• _Short text fragments from websites_
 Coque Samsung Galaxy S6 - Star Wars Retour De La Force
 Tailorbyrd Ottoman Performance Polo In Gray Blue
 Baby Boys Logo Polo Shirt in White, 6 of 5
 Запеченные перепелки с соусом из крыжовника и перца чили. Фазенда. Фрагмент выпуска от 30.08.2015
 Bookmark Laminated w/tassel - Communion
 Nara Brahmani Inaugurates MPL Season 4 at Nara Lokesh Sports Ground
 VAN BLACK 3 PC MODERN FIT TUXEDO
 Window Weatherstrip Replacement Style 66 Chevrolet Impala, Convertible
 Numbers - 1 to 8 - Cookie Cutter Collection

• _Instructions to follow_
Each record above is to be restated word for word.

• _Written answer_
 Coque Samsung Galaxy S6 - Star Wars Retour De La Force
 Tailorbyrd Ottoman Performance Polo In Gray Blue
 Baby Boys Logo Polo Shirt in White, 6 of 5
 Запеченные перепелки с соусом из крыжовника и перца чили. Фазенда. Фрагмент выпуска от 30.08.2015
 Bookmark Laminated w/tassel - Communion
 Nara Brahmani Inaugurates MPL Season 4 at Nara Lokesh Sports Ground
 VAN BLACK 3 PC MODERN FIT TUXEDO
 Window Weatherstrip Replacement Style 66 Chevrolet Impala, Convertible
 Numbers - 1 to 8 - Cookie Cutter Collection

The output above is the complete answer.